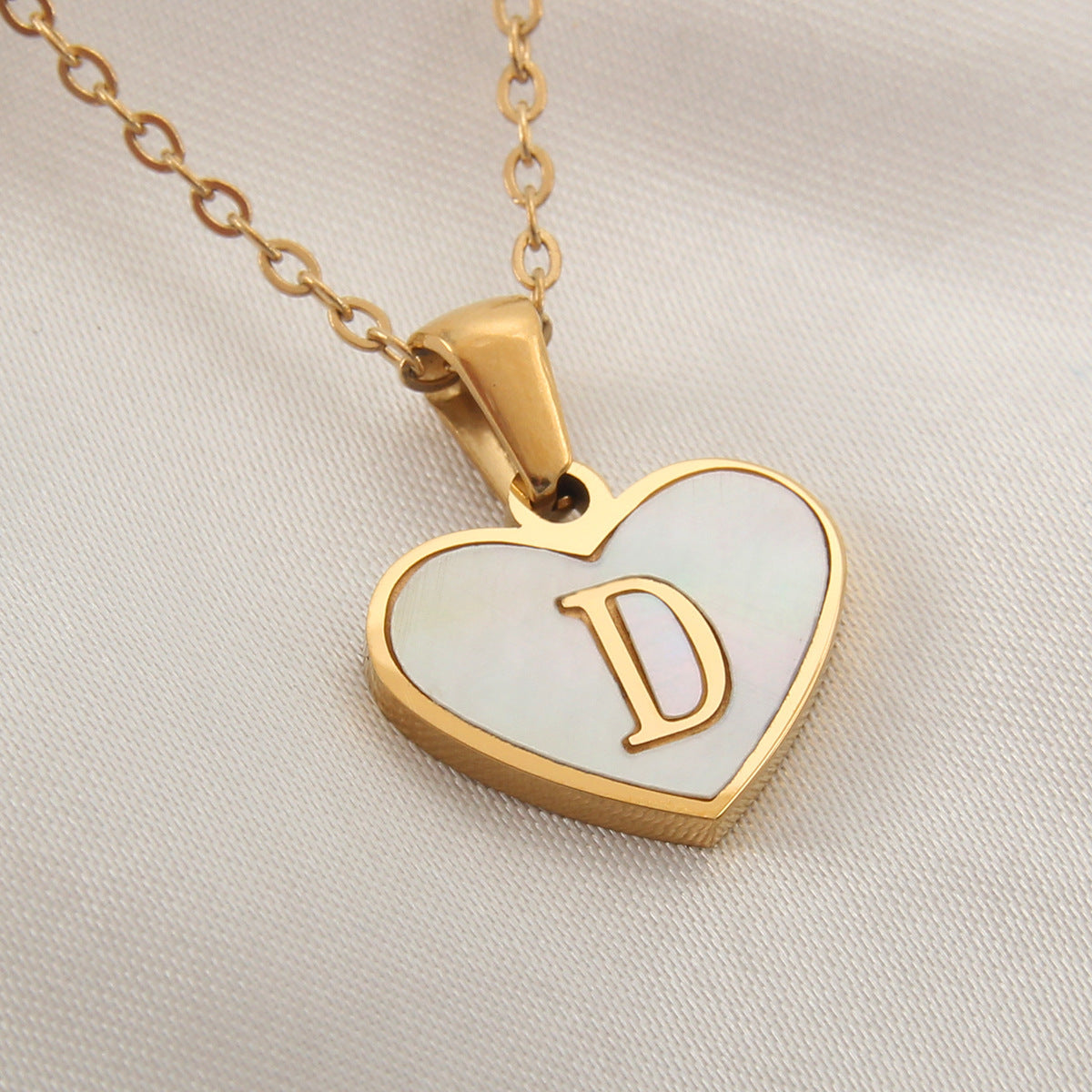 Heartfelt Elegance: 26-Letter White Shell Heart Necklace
▬▬▬
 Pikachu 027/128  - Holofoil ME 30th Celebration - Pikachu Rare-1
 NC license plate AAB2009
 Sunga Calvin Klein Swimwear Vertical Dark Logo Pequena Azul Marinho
▬▬▬
*WHAT IS EXPECTED*: When you reach the line in the material above that holds "NC license plate AAB2009", begin reproducing lines exactly, and stop after the line that holds "Sunga Calvin Klein".

*SOLUTION TO THIS TASK*:
 NC license plate AAB2009
 Sunga Calvin Klein Swimwear Vertical Dark Logo Pequena Azul Marinho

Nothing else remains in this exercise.